*Exercise*
Required from the data below: the exact lines starting at the line containing "Das Thomas-Aquinas-Seminar der" and ending at the line containing "Avokado ve yumurtalı", with both ends kept and all pictures dropped.

Stored items
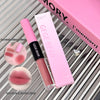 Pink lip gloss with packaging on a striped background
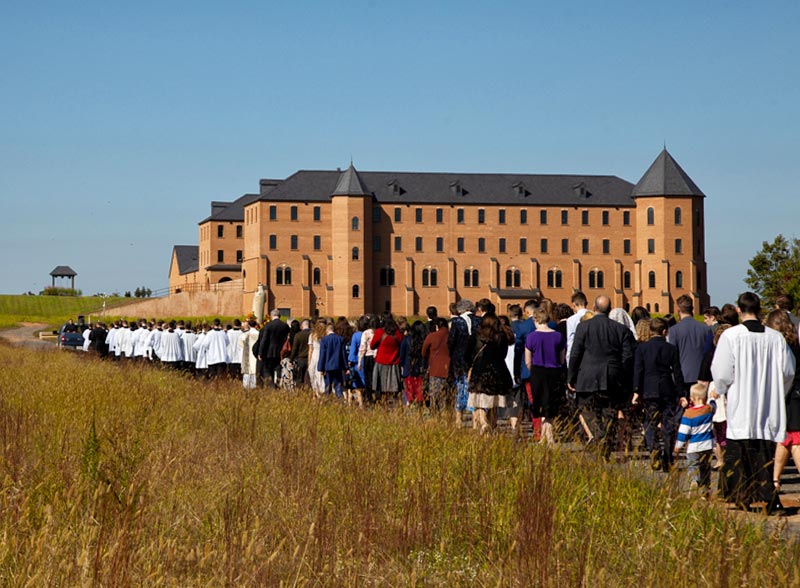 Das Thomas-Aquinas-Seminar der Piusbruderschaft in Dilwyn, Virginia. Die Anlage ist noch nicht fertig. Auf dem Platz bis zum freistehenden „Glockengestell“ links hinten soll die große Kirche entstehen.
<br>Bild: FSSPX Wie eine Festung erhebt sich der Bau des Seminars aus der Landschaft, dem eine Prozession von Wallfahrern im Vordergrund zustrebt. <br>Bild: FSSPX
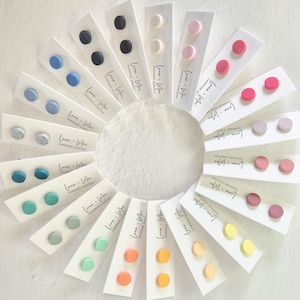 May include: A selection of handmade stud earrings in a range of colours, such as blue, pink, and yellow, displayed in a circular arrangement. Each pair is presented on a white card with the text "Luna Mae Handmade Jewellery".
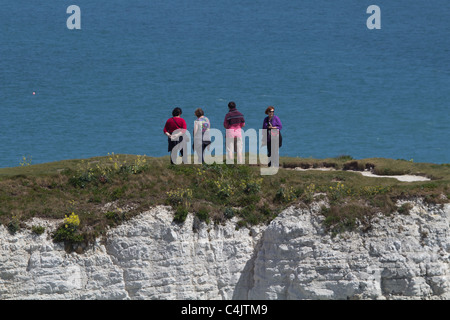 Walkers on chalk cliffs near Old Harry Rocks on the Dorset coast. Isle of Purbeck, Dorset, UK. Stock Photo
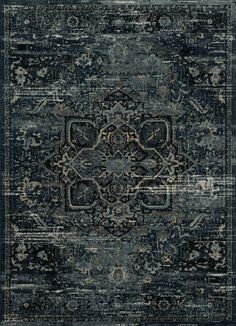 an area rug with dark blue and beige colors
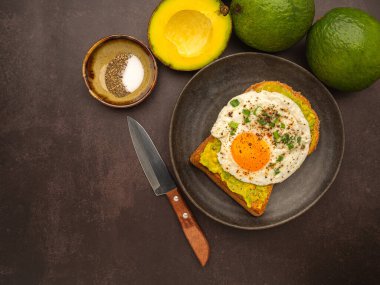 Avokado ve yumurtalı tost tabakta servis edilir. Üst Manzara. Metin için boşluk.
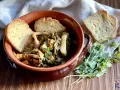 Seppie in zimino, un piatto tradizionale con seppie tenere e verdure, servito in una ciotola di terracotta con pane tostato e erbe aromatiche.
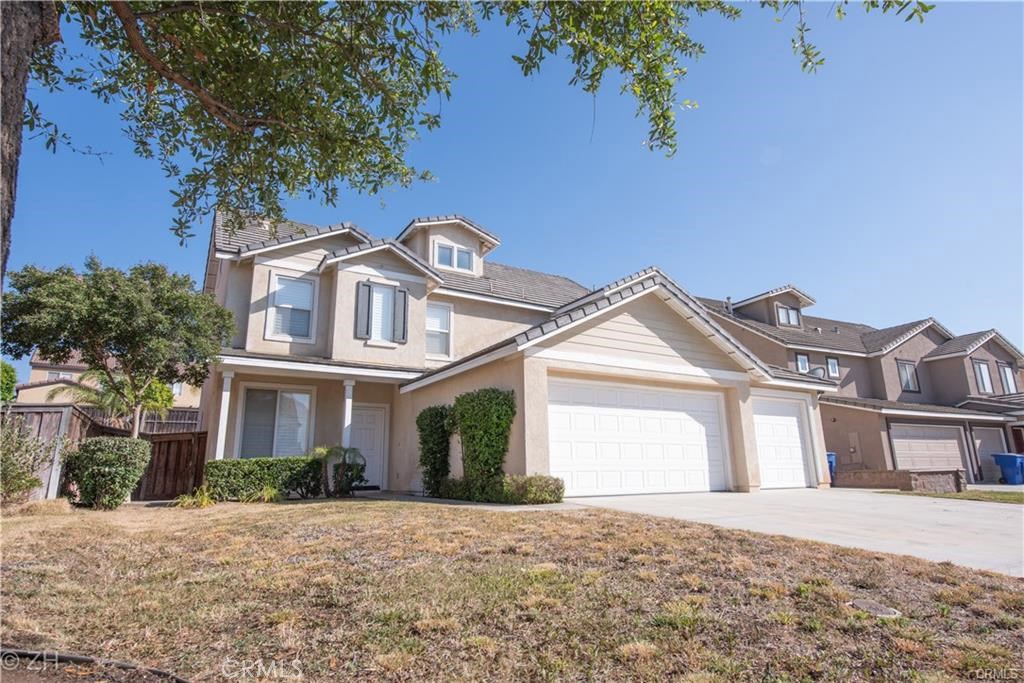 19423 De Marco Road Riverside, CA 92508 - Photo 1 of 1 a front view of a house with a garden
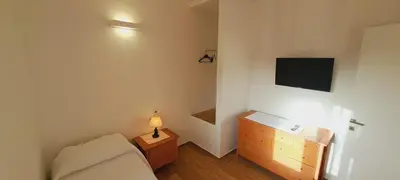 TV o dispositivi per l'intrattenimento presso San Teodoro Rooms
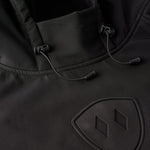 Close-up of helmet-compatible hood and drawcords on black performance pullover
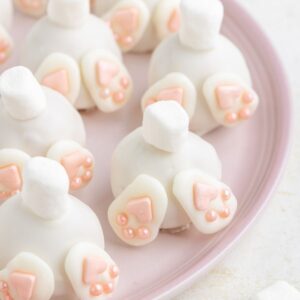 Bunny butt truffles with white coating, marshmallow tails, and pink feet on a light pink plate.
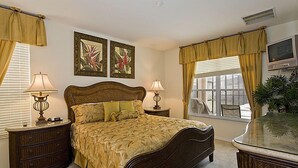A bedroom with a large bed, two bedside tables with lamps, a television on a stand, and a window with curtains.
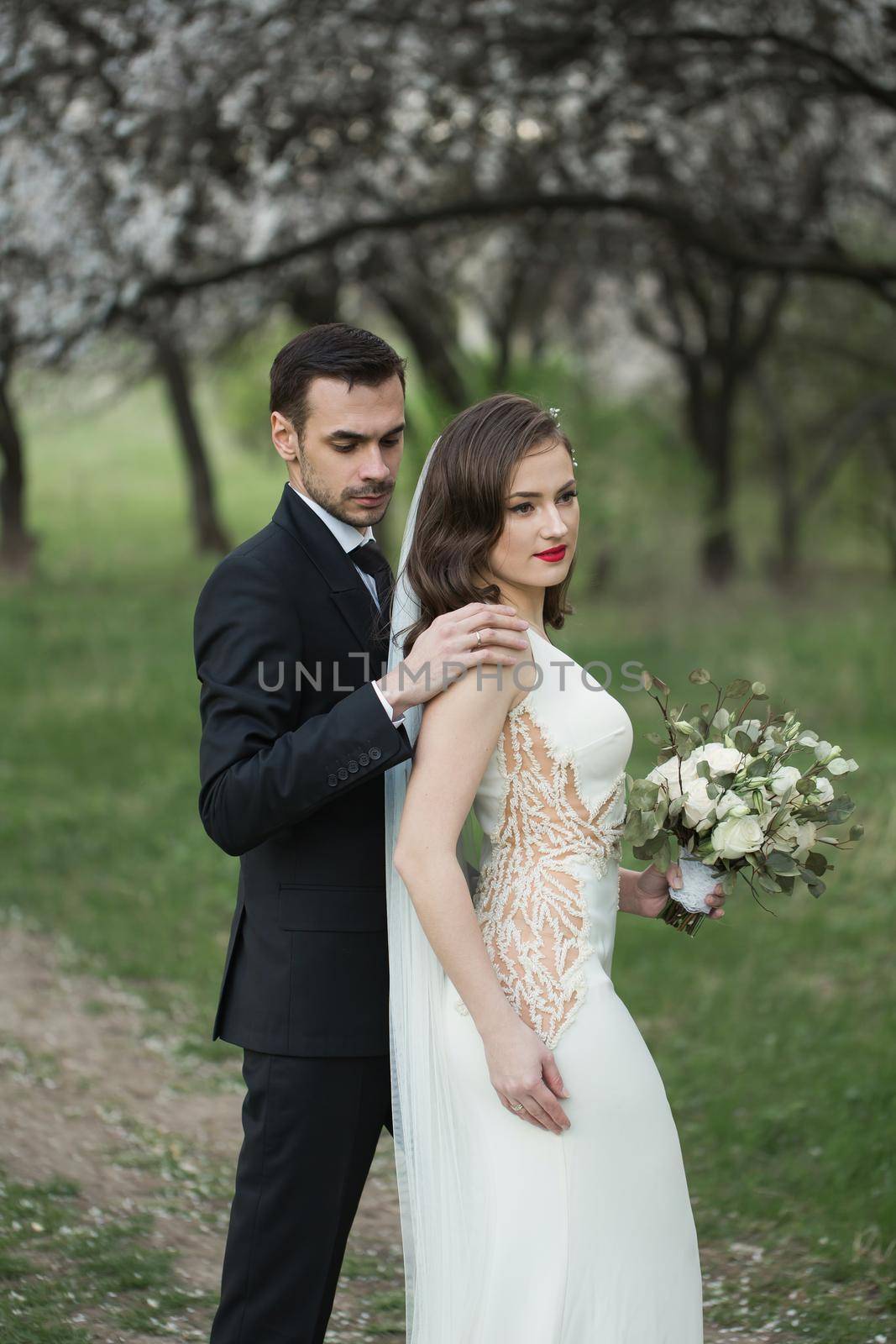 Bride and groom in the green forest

*Result for this task*
 Das Thomas-Aquinas-Seminar der Piusbruderschaft in Dilwyn, Virginia. Die Anlage ist noch nicht fertig. Auf dem Platz bis zum freistehenden „Glockengestell“ links hinten soll die große Kirche entstehen.
<br>Bild: FSSPX Wie eine Festung erhebt sich der Bau des Seminars aus der Landschaft, dem eine Prozession von Wallfahrern im Vordergrund zustrebt. <br>Bild: FSSPX
 May include: A selection of handmade stud earrings in a range of colours, such as blue, pink, and yellow, displayed in a circular arrangement. Each pair is presented on a white card with the text "Luna Mae Handmade Jewellery".
 Walkers on chalk cliffs near Old Harry Rocks on the Dorset coast. Isle of Purbeck, Dorset, UK. Stock Photo
 an area rug with dark blue and beige colors
 Avokado ve yumurtalı tost tabakta servis edilir. Üst Manzara. Metin için boşluk.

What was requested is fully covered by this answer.